Apple's comparative advantages:
-It owns the platforms (IOS, iPadOS, and macOS) used by billions of people
-It has access to the users' data.
-Its users trust Apple.
-It also has 50 billion cash on hand and the capacity to borrow billions.
Apple's biggest threat:
-If Android is getting so good with LLMs integration, it could provide an exceptional user experience and be enough for people to switch from iPhone.
-Especially Google's Pixel, where Google owns the full stack (TPU, Gemini models, Android, and the phone)
Apple's AI strategy:
Leaning on its comparative advantage, Apple focuses on the specific use cases, leveraging the users' data, that are useful to the users, and where Apple can do it well.
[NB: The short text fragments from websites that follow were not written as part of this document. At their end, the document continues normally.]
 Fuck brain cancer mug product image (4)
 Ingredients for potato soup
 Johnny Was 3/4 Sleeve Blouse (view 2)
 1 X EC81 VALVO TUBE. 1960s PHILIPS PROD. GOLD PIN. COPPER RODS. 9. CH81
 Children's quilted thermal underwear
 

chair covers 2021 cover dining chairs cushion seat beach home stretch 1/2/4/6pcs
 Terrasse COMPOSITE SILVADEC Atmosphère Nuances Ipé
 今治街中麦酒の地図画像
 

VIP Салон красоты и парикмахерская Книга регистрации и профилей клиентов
It does not position itself as the general problem solver like ChatGPT.
That's why it's "only" spending 5 billion on CAPEX (investment) vs. 80+ billion spent by its peers like Google and Microsoft.
How to get better at business strategy?
Analysing the comparative advantage and threat sounds a lot like the classic SWOT analysis that any business school student would learn. But in tech strategy, you have to know the technology - what's possible, what are the limitations. And that's critically missing in any business strategy framework.
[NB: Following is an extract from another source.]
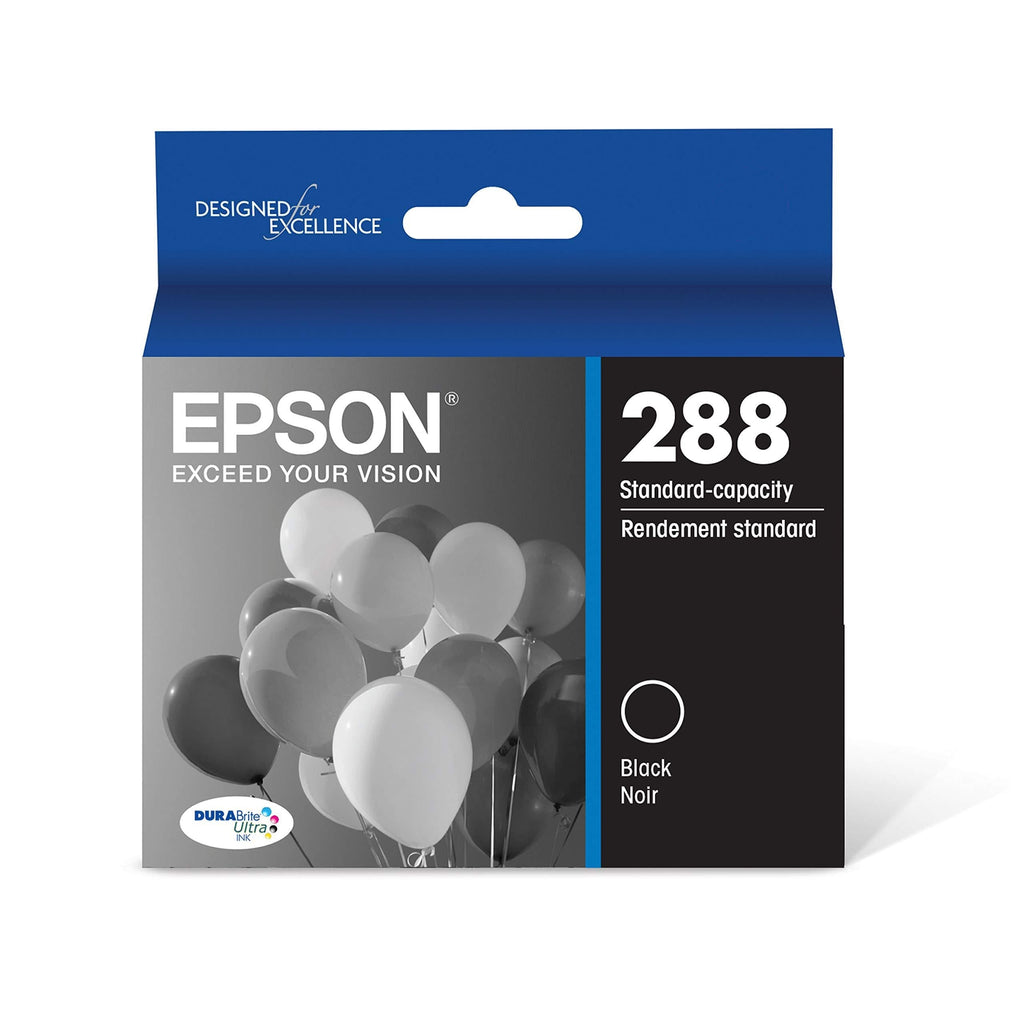 EPSON T288 DURABrite Ultra Ink Standard Capacity Black Cartridge (T288120-S) for select Epson Expression Printers - LeoForward Australia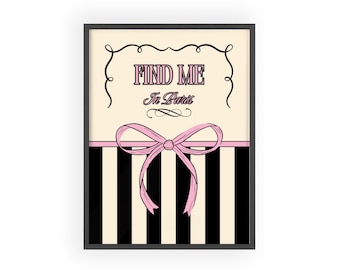 Find Me in Paris Parisian Style Framed Wall Art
Fundamentally, no framework can give you the right strategy. It's inherently a process of gathering insights, acknowledging the reality, connecting the dots - in short: thinking.
Ben Thompson is the best analyst recognized by many. Emerging in his writing can help form the brain for strategic thinking.
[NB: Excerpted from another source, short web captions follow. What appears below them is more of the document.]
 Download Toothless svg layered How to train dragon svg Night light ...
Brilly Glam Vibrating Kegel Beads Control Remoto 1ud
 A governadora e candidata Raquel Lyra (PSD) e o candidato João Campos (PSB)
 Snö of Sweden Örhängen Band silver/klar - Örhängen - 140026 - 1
Below is the original writing on Apple's AI strategy.
So what is Apple Intelligence, then? To me the explanation flows directly from Strategy 101:
Apple Intelligence is the application of generative AI to use cases and content that Apple is uniquely positioned to provide and access. It is designed, to build on yesterday’s Article, to maximize the advantages that Apple has in terms of being the operating system provider on your phone; and, on the other hand, what it is not is any sort of general purpose chatbot: that is where OpenAI comes in — and only there…
What this means is that Apple Intelligence is by-and-large focused on specific use cases where that knowledge is useful; that means the problem space that Apple Intelligence is trying to solve is constrained and grounded — both figuratively and literally — in areas where it is much less likely that the AI screws up. In other words, Apple is addressing a space that is very useful, that only they can address, and which also happens to be “safe” in terms of reputation risk. Honestly, it almost seems unfair — or, to put it another way, it speaks to what a massive advantage there is for a trusted platform. Apple gets to solve real problems in meaningful ways with low risk, and that’s exactly what they are doing.
Contrast this to what OpenAI is trying to accomplish with its GPT models, or Google with Gemini, or Anthropic with Claude: those large language models are trying to incorporate all of the available public knowledge to know everything; it’s a dramatically larger and more difficult problem space, which is why they get stuff wrong. There is also a lot of stuff that they don’t know because that information is locked away — like all of the information on an iPhone. That’s not to say these models aren’t useful: they are far more capable and knowledgable than what Apple is trying to build for anything that does not rely on personal context; they are also all trying to achieve the same things.